Output each record below exactly, and include all of them.

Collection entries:

[Start of Attachment]

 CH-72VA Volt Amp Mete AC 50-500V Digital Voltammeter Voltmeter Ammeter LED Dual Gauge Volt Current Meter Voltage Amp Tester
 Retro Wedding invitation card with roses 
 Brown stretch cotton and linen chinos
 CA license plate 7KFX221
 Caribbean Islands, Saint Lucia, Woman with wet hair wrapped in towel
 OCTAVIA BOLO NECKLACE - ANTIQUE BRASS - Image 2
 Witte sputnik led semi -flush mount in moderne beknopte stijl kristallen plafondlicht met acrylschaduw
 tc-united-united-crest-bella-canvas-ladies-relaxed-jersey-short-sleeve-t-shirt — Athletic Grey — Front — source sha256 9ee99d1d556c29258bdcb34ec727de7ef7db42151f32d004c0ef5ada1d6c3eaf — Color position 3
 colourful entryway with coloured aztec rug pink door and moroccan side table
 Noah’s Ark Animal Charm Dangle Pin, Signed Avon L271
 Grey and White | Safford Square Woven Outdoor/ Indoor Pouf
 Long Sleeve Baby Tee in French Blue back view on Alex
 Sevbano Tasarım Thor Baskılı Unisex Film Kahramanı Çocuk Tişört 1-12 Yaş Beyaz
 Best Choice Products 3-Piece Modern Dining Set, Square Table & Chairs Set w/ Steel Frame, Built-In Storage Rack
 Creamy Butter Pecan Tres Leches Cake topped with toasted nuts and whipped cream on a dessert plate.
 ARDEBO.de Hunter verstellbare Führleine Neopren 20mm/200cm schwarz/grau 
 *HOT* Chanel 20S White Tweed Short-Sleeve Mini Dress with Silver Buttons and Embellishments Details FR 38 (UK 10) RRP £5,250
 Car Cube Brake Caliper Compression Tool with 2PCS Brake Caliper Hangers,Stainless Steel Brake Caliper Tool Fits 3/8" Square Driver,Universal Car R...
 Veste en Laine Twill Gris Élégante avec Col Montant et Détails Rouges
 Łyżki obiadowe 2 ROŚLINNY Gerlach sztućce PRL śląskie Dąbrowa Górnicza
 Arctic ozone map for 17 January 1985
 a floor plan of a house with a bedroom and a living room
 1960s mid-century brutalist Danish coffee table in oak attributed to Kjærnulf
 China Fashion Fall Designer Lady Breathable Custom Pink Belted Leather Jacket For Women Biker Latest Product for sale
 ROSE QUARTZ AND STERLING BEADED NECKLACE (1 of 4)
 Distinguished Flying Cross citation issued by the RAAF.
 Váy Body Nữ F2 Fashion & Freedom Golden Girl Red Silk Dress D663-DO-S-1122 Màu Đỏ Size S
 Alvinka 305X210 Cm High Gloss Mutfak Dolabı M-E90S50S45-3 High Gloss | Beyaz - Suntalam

[End of Attachment]

Solution for this task
 CH-72VA Volt Amp Mete AC 50-500V Digital Voltammeter Voltmeter Ammeter LED Dual Gauge Volt Current Meter Voltage Amp Tester
 Retro Wedding invitation card with roses 
 Brown stretch cotton and linen chinos
 CA license plate 7KFX221
 Caribbean Islands, Saint Lucia, Woman with wet hair wrapped in towel
 OCTAVIA BOLO NECKLACE - ANTIQUE BRASS - Image 2
 Witte sputnik led semi -flush mount in moderne beknopte stijl kristallen plafondlicht met acrylschaduw
 tc-united-united-crest-bella-canvas-ladies-relaxed-jersey-short-sleeve-t-shirt — Athletic Grey — Front — source sha256 9ee99d1d556c29258bdcb34ec727de7ef7db42151f32d004c0ef5ada1d6c3eaf — Color position 3
 colourful entryway with coloured aztec rug pink door and moroccan side table
 Noah’s Ark Animal Charm Dangle Pin, Signed Avon L271
 Grey and White | Safford Square Woven Outdoor/ Indoor Pouf
 Long Sleeve Baby Tee in French Blue back view on Alex
 Sevbano Tasarım Thor Baskılı Unisex Film Kahramanı Çocuk Tişört 1-12 Yaş Beyaz
 Best Choice Products 3-Piece Modern Dining Set, Square Table & Chairs Set w/ Steel Frame, Built-In Storage Rack
 Creamy Butter Pecan Tres Leches Cake topped with toasted nuts and whipped cream on a dessert plate.
 ARDEBO.de Hunter verstellbare Führleine Neopren 20mm/200cm schwarz/grau 
 *HOT* Chanel 20S White Tweed Short-Sleeve Mini Dress with Silver Buttons and Embellishments Details FR 38 (UK 10) RRP £5,250
 Car Cube Brake Caliper Compression Tool with 2PCS Brake Caliper Hangers,Stainless Steel Brake Caliper Tool Fits 3/8" Square Driver,Universal Car R...
 Veste en Laine Twill Gris Élégante avec Col Montant et Détails Rouges
 Łyżki obiadowe 2 ROŚLINNY Gerlach sztućce PRL śląskie Dąbrowa Górnicza
 Arctic ozone map for 17 January 1985
 a floor plan of a house with a bedroom and a living room
 1960s mid-century brutalist Danish coffee table in oak attributed to Kjærnulf
 China Fashion Fall Designer Lady Breathable Custom Pink Belted Leather Jacket For Women Biker Latest Product for sale
 ROSE QUARTZ AND STERLING BEADED NECKLACE (1 of 4)
 Distinguished Flying Cross citation issued by the RAAF.
 Váy Body Nữ F2 Fashion & Freedom Golden Girl Red Silk Dress D663-DO-S-1122 Màu Đỏ Size S
 Alvinka 305X210 Cm High Gloss Mutfak Dolabı M-E90S50S45-3 High Gloss | Beyaz - Suntalam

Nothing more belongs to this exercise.